La capilla del evangelio, dedicada al Ángel de la Guarda, la compró mediado el siglo XVII don Luis Álvarez Jiménez, por 250 ducados. En su techumbre mandó poner, en escayola, los escudos de su linaje, alternando los de su padre y los de su madre. Estos escudos van en las esquinas, y en los comedios, unas cartelas vanas en las que posiblemente se inscribieron o pintaron frases alusivas a los patronos. Custodiando esas cartelas, parejas de estípites a la romana, alternando varones y hembras con vestimentas clásicas. Pronto la abandonaron y a punto estuvo de hundirse en el siglo XVIII. Hoy en sus muros vemos los también calcinados y machacados restos del lujoso enterramiento de don Íñigo López de Mendoza, primer conde de Tendilla, hijo del marqués de Santillana, y que como fundador del monasterio jerónimo de Santa Ana de Tendilla, en él puso este su enterramiento, que como quedó abandonado en la exclaustración propiciada por el ministro Mendizábal en 1836, se trasladó luego, a finales del XIX, a este lugar, para preservarlo de su destrucción. Que, sin embargo, ocurriría en julio de 1936, cuando a ciertos individuos les dio por quemar iglesias, matar sacerdotes y destruir todo lo que oliera a tradicional y sacro.
Aunque de estos enterramientos (Iñigo López y Elvira de Quiñones) hoy solo queda la estructura y las figuras machacadas de los propietarios, los estudiosos que los vieron enteros, y la lógica más elemental, permiten atribuirlos a Sebastián de Almonacid, el tallista, o uno de ellos, de piezas tan relevantes del arte hispano como el enterramiento del caballero Campuzano en San Nicolás el Real, el enterramiento del racionero Pedro de Coca en Ciudad Real, o incluso el Doncel de Sigüenza en la catedral serrana.
Los dominicos de la Santa Cruz dejaron vacío este templo y su anejo convento en 1836, cuando fue decretada la Desamortización de Bienes Eclesiásticos por el ministro Mendizábal en 1836. Pasó a poder del Estado, que utilizó los edificios para fines cívicos, y el templo quedó abandonado, aunque cedido a la Iglesia para poner en él la sede de la parroquia de San Ginés, que se había quedado sin templo al ser derribado el anterior para construir en su solar el edificio de la Diputación Provincial.
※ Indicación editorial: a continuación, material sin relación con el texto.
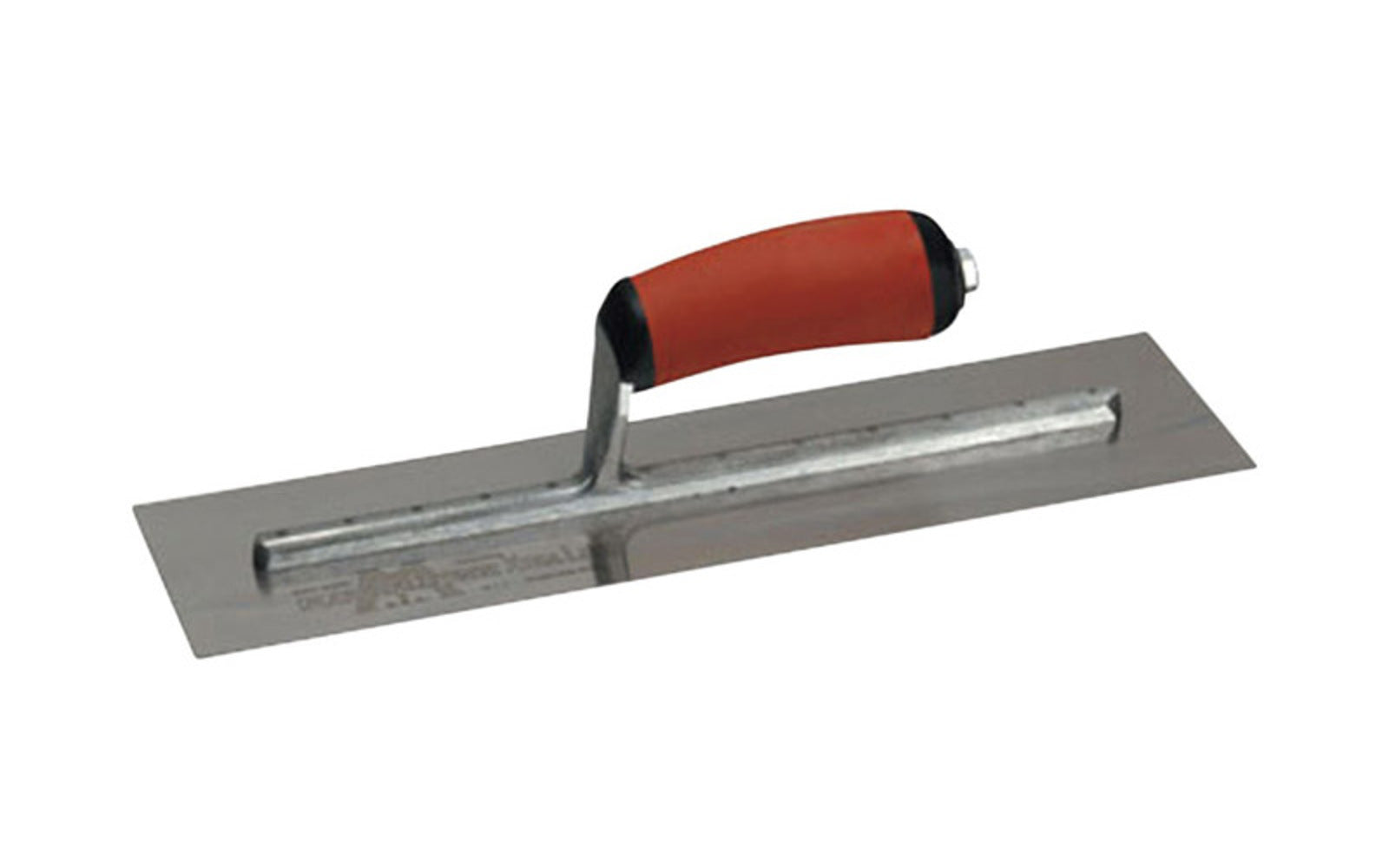 TROWEL FINISHING 12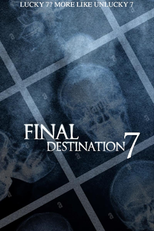 Premonição 7 (Final Destination 7)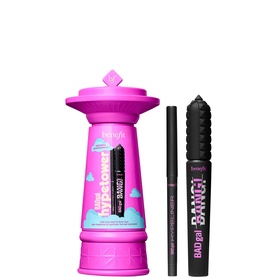 BADgal Hypetower Mascara & Eyeliner Duo Gift Set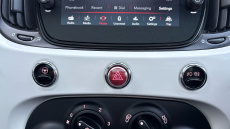 Fiat 500 1.0 Mild Hybrid 3dr Petrol Hatchback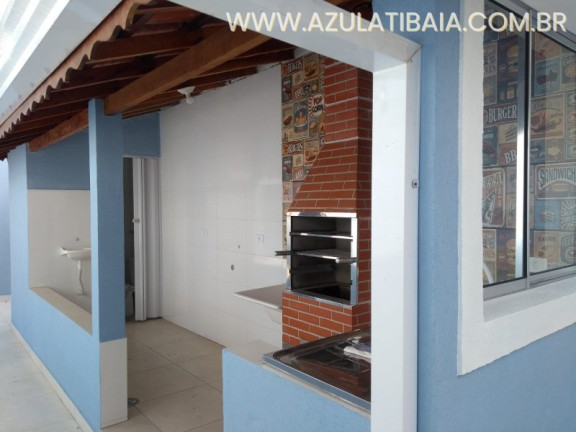 Imagem Casa com 3 Quartos à Venda, 194 m² em Nova Cerejeira - Atibaia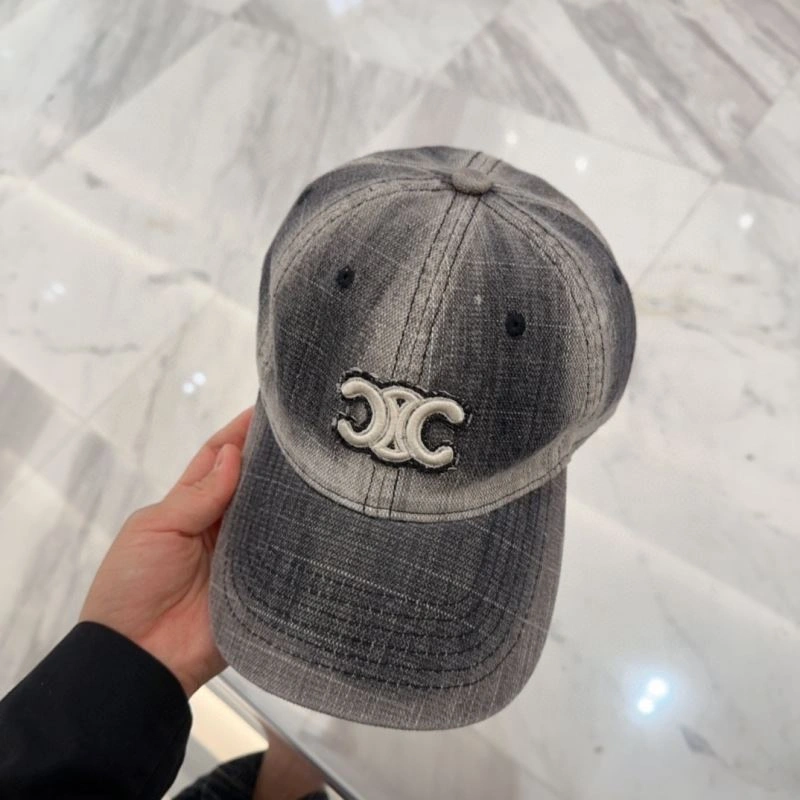 Celine Caps Breathable 260381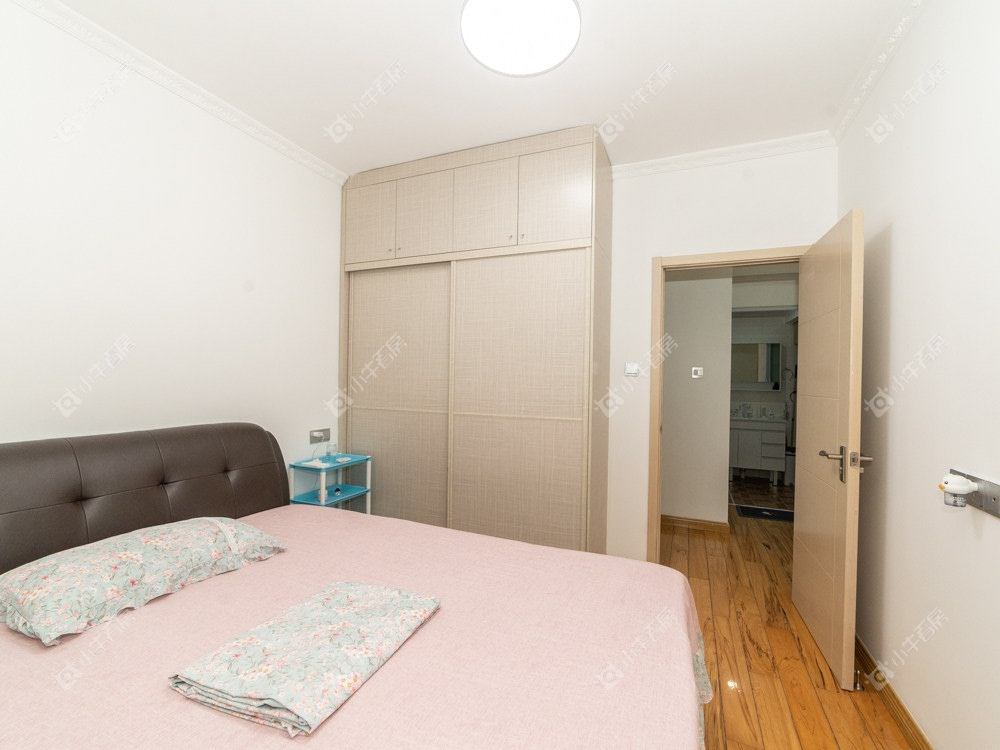 常州九洲花园一期在租房源_小牛看房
No es San Ginés el mejor ni más representativo edificio patrimonial de Guadalajara, pero al menos es uno de los más vistosos, y quizás el más céntrico, porque ante él se abre hoy el plazal que recuerda el primitivo convento, la tradición centenaria del Mercado, y el símbolo de una evolución en la que los Mendoza, las órdenes religiosas y el pueblo llano ha tenido un protagonismo así cuajado, en la piedra blanca y caliza de la Alcarria.